Everybody from our cohort was assembled within a group Zoom meeting that acted as our ‘green room', and when called upon we had to drop into a Google Hangout that was being live streamed on YouTube. We made our way to the Hangout, and were ready for action. 3..2..1..
FAIL! So much went wrong with our practice run through that Sam called an early end to it after only 1 minute. The plan was for me to share the keynote presentation on my screen while the three of us narrated, but for some bizarre reason I was completely unable to share my screen within the Hangout while the keynote was showing full screen. After several failed attempts to share my screen, and about thirty solid seconds of me declaring that I didn't know what the problem was, Sam sent us away to fix things up.
We felt bad about our apparent lack of preparation, at least until we began to watch the other group's practice runs. So many technical problems occurred that it was beginning to become embarrassing. Our cohort is by far the largest remote cohort that Makers Academy has ever run, and it appeared that the live broadcasting setup wasn't going to accommodate all of us without problems. The issues, including failed screen shares and missing audio, were so frequent that Sam even considered cancelling the live broadcast and uploading pre-recorded videos instead.
Time to record
As soon as Sam mentioned pre-recorded video our group sprang into action. There was no way that we were going to risk looking this unprepared if there was another option. We decided to drop out of watching the rest of the practice sessions to spend the remaining time before the live event recording our entire presentation ahead of time. We didn't care whether the other groups wanted to risk performing live or not, we'd seen enough of what can and probably will go wrong, and we didn't want to look stupid.
After a handful of takes we managed to produce a full recorded run through of our presentation with minimal mistakes, and figured that it was just about as good as we could make it with the little time remaining. When the real live broadcast began and we were called upon to present first, we simply needed to play our recording. Pre-recording our presentation in this way did minimise our concerns leading up to the event, but it also brought with it a new set of concerns. For a series of reasons which are too boring to explain we had to play back the video on the machine of the group member who had the worst internet connection of the three of us by quite some way, so throughout the presentation we watched in the hope that the internet connection would hold up until the video had finished playing.

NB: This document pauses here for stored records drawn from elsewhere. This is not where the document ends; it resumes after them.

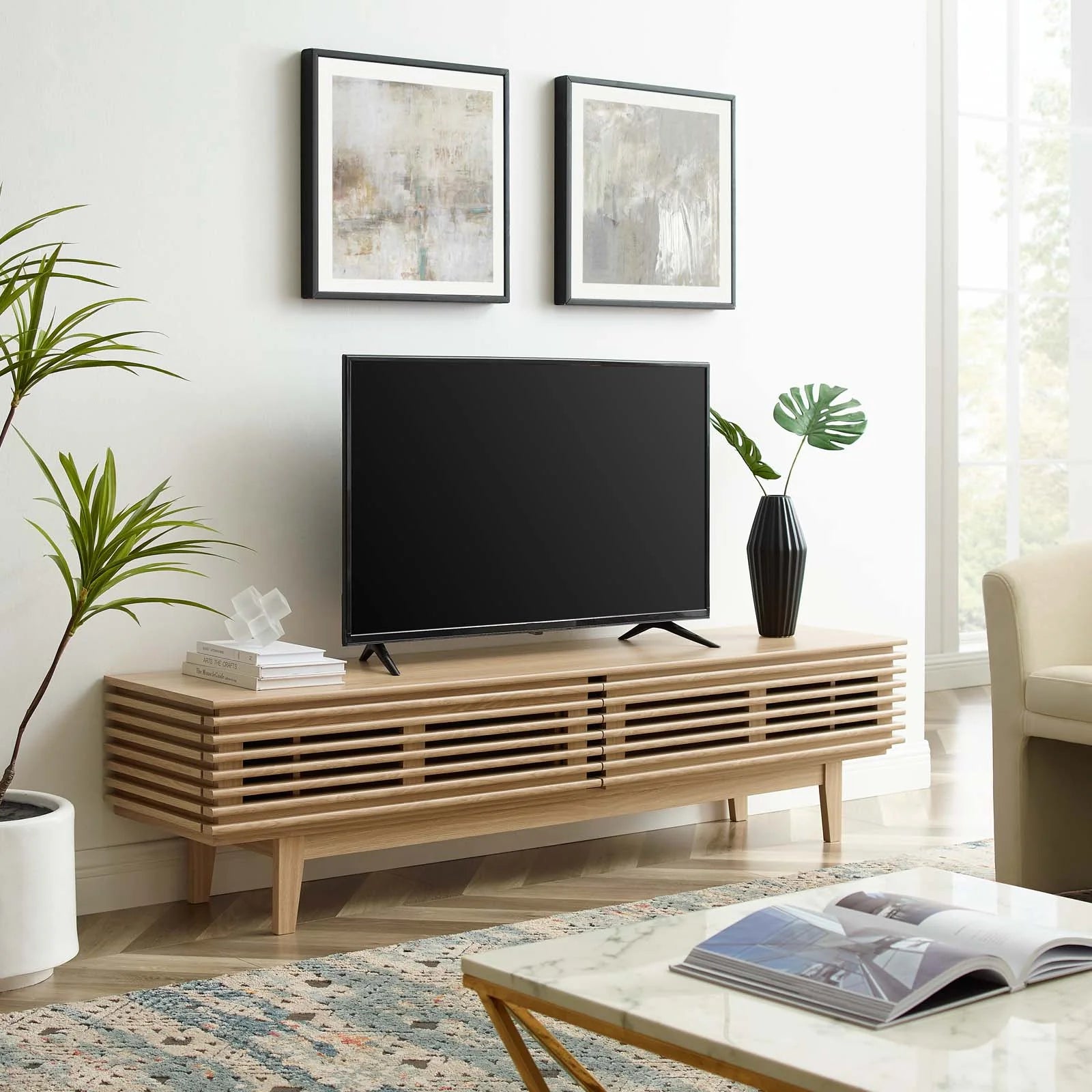 Mueble de 71” para TV Niklas color roble en una sala.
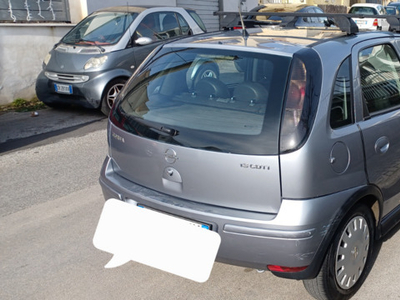 Usato 2004 Opel Corsa 1.2 Diesel 69 CV (3.000 €)
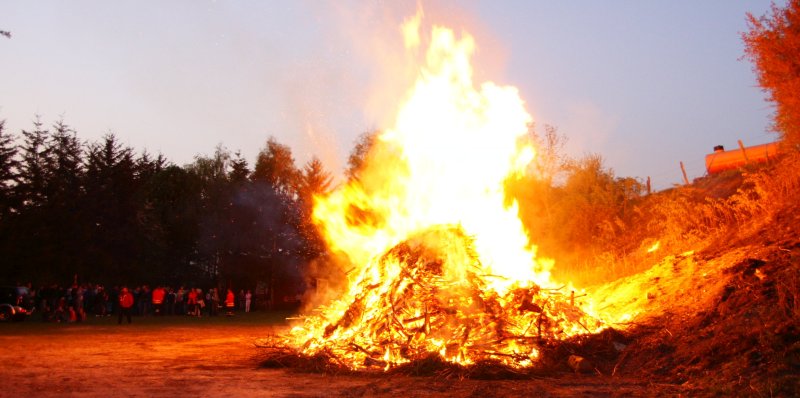 Frohe Ostern: Osterfeuer in der Samtgemeinde Eschershausen-Stadtoldendorf
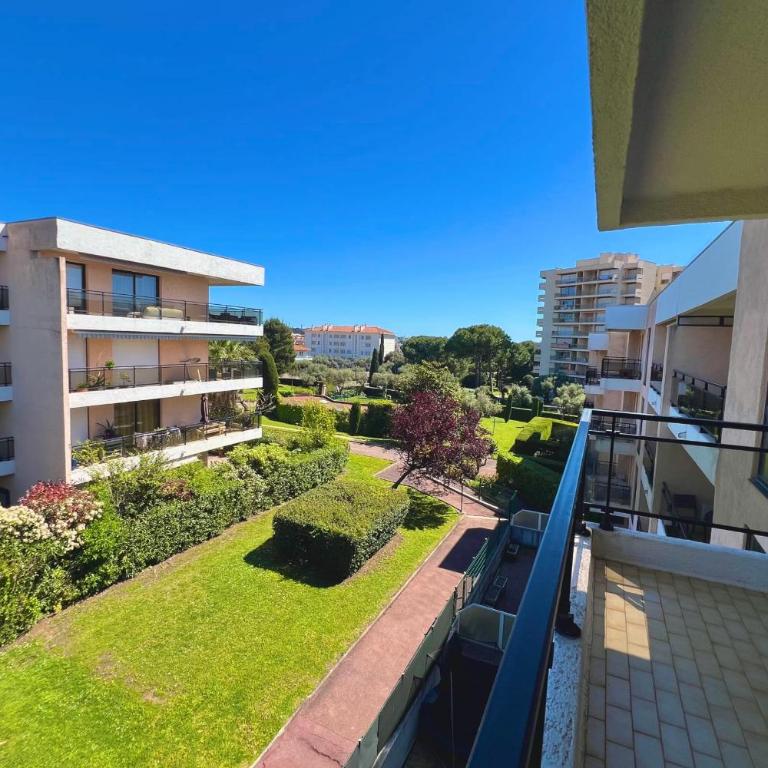 JUAN LES PINS 4 people Pool Garage - Appartement - 18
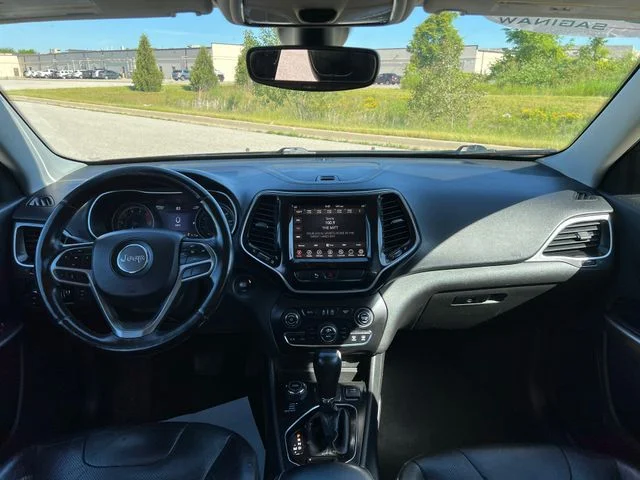 Used 2019 Gray Jeep Limited image 40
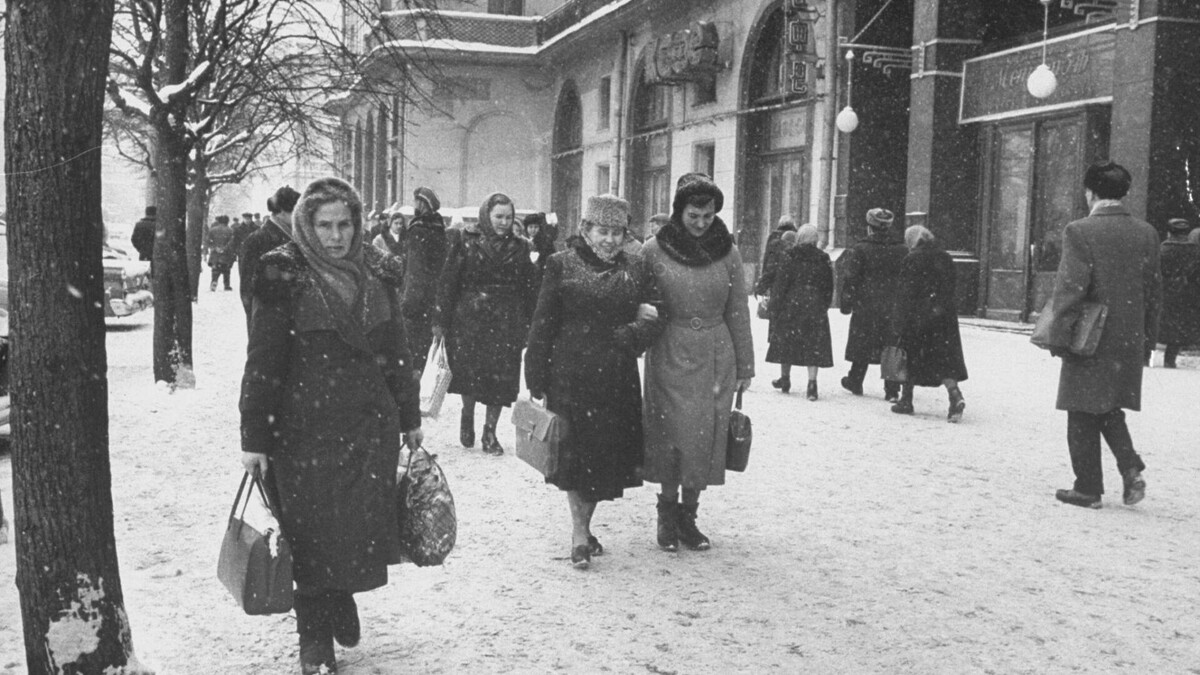    К выбору зимней одежды подходили, в первую очередь, с точки зрения практичности   pastvu.com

Thankfully it did, our presentation went well, and surprisingly so did all of the other group's presentations, and aside from a handful of small human error mistakes like people forgetting their lines or talking over each other, the event ran without a hitch for everybody. Once our video had played we were able to sit back and enjoy the rest of the event, and after focusing only on our our small group for the past two weeks it was great to see what the rest of our cohort had been up to during the final project. Every group managed to present a professionally built MVP, and we were pleased to see that our project held up well against the others, considering our smaller group size. Given a little more time every project that was presented could have been turned into a polished product capable of serving a large audience, and for a group of people who knew almost nothing about coding only a few months ago, I think that's pretty amazing.
Now that the presentations have finished we're all officially Makers Academy graduates. The main learning content of the course is now complete, and all that remains is hiring week, which at this point in time I don't know much about.
As for this weekend, tomorrow, April 2nd, will be my first day off since January 17th. I have a cinema trip and a meal planned with my wife, and I'm not entirely sure if I can remember how to function without a laptop in front of me. After such an intensive course it's going to be an interesting challenge adjusting back to normal life.